The euro <EUR=> fell as low as $1.4844 according to Reuters data, down 0.4 percent on the day and retreating from a 14-month high hit in earlier trade.
Sterling pared some gains but was still broadly higher on the day, prompted by short-covering after investors had boosted short sterling positions that helped push the pound to a five-month low earlier this week, traders said.
Bank of England policymaker Paul Fisher told the Financial Times he felt more confident the central bank's asset purchase programme was working. [
]But analysts said they expected further dollar weakness after the latest minutes from the U.S. Federal Reserve Open Market Committee, showed that some policymakers called for increasing asset purchases. [
]"There's obviously very low interest rates in the States and there's no sign they're going any time soon, listening to the Fed and their minutes last night," said Chris Turner, head of foreign exchange strategy at ING in London.
"Today's very modes correction from new lows is nothing serious for the dollar bear trend."

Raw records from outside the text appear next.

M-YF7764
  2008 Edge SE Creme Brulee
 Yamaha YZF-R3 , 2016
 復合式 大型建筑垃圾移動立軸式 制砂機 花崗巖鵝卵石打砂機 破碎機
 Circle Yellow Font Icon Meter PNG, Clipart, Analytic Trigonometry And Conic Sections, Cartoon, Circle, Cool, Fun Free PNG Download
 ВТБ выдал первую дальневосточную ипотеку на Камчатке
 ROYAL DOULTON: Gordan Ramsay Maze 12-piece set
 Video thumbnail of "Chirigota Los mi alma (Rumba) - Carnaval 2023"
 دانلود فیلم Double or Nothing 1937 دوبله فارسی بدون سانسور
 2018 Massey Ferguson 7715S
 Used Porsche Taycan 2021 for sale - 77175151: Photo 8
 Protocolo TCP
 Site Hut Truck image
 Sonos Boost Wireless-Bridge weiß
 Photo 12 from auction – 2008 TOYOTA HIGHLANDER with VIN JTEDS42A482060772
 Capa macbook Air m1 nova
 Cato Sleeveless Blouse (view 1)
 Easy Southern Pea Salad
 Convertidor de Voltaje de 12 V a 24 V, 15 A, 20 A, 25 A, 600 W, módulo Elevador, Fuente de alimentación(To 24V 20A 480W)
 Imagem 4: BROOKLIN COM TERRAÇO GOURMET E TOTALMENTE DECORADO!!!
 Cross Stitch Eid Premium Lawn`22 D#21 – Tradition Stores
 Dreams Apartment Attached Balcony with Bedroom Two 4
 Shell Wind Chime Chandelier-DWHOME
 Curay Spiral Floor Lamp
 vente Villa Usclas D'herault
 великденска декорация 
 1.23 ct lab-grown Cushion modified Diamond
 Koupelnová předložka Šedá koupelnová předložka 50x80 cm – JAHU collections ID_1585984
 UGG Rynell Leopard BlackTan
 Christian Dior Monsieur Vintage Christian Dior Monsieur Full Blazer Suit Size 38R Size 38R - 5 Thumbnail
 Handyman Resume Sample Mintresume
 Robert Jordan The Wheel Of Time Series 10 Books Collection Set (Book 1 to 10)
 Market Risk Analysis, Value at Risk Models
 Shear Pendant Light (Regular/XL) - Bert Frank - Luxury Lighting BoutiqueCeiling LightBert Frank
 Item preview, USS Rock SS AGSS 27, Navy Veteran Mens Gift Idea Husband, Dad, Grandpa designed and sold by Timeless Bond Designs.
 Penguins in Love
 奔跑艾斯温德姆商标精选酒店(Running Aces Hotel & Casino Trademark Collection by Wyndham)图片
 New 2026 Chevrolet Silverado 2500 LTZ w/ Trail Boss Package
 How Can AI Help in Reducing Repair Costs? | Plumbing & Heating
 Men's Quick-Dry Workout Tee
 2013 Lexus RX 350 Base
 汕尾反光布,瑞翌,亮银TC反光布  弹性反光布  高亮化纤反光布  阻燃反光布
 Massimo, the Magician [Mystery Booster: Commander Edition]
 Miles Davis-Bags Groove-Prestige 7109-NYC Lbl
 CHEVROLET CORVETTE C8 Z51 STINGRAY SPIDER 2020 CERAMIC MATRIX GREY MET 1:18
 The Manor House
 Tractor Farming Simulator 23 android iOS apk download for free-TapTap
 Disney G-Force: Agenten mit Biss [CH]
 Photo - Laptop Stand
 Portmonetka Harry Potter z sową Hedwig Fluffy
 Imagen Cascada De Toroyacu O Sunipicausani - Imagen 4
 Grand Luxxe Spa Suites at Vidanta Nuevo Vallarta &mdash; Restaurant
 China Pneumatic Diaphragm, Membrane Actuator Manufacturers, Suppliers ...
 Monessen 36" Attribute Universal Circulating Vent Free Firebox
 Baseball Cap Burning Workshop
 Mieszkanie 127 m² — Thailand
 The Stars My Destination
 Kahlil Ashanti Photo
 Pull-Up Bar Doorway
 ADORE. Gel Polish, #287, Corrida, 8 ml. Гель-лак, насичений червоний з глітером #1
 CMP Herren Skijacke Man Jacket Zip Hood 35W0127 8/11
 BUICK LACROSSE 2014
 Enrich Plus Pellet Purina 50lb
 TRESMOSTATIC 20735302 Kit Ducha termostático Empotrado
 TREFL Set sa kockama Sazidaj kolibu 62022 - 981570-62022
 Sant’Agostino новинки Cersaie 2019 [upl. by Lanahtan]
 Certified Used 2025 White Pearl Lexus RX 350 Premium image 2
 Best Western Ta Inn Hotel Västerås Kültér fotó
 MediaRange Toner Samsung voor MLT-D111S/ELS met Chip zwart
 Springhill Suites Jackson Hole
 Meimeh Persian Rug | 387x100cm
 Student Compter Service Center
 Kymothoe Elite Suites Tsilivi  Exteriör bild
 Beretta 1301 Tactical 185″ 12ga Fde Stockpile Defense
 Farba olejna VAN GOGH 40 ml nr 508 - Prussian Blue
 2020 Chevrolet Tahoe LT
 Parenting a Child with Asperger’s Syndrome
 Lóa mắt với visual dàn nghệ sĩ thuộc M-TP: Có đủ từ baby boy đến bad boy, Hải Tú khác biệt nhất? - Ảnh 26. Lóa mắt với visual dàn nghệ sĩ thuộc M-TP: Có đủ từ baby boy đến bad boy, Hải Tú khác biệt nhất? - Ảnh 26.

Simon Derrick of Bank of New York Mellon said reports of Asian central banks intervening to keep their currencies from appreciating had not lifted the dollar, because the market anticipated some of the dollars would be converted into euros.
Hong Kong's central bank sold HK$1.5 billion ($200 million) to keep the Hong Kong dollar within its trading band. [
]The greenback earlier fell to 14-month lows against the higher-yielding Australian dollar and a 15-month trough versus the New Zealand and Canada dollars.
Reserve Bank of Australia chief Glenn Stevens said local interest rates would need to move towards a more normal setting as economic recovery took hold, reinforcing the view rates would be hiked for a second consecutive month in November. [
](Additional reporting by Tamawa Desai; Editing by Mike Peacock)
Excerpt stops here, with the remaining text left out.